Team CFP Rank Losses Head-to-Head Conference standing
Notre Dame No. 9 2 losses to teams inside CFP top 13 Lost to Miami earlier this season Higher CFP rank; not in ACC title context
Miami No. 13 (ACC auto bid) 2 losses to unranked opponents Defeated Notre Dame earlier this season Fifth in ACC; behind four teams with one conference loss

The table shows the committee’s stated rationale: Notre Dame’s losses are to higher-ranked teams while Miami’s defeats came against unranked opponents, creating different evaluative pools. That divergence explains why Miami’s head-to-head win has not yet overridden the committee’s assessment of relative resumes. If results change—either by Miami rising or teams between the two losing—the committee will re-group teams into comparative pools and may weigh the head-to-head outcome more heavily.

Reactions & Quotes

CFP chair Hunter Yurachek addressed the question directly on ESPN after the rankings were released.

“We compared the losses of those two teams rather than putting them in the same bucket right now.”

Hunter Yurachek, CFP Committee Chair

Yurachek also explained how prior head-to-head outcomes have influenced rankings when teams were close.

“In cases where teams land in the same range, head-to-head can be a significant data point—as it was previously when Oklahoma’s win over Alabama helped separate them.”

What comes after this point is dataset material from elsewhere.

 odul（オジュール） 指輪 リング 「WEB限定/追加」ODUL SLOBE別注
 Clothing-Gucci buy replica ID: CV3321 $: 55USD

Hunter Yurachek, CFP Committee Chair

On-air analysts and fans reacted to the apparent tension between Miami’s CFP placement and its ACC position, noting the committee’s focus on losses reshapes how the public interprets rankings. Media and pundits emphasized that late-season games and losses among the 10–12 window could prompt a meaningful shuffle in the weeks ahead.

Unconfirmed

  • Whether the committee will place Notre Dame and Miami in the same comparative pool before the regular season ends remains unresolved; committee groupings shift with results.
  • It is not publicly known how individual committee members privately weigh head-to-head versus loss quality in every scenario.
  • Any internal vote tallies or detailed scoring the committee used to produce this specific ranking have not been released.

Bottom Line

The committee’s explanation makes clear that identical loss totals do not guarantee identical treatment; opponent quality and context matter. Miami’s head-to-head win over Notre Dame is an important piece of evidence, but the committee says it matters most when the teams’ overall profiles put them in the same comparative range. For Miami to convert that head-to-head advantage into a higher CFP position, it likely needs to win out and benefit from losses by teams currently slotted between it and Notre Dame.

Watch the closing weeks of the regular season closely: results by Utah, BYU, Alabama and other teams ranked 10–12 will determine whether Miami moves into a direct comparison with Notre Dame. If that happens, the committee has signaled the head-to-head outcome would be a substantial factor in final deliberations, potentially reshaping the playoff conversation.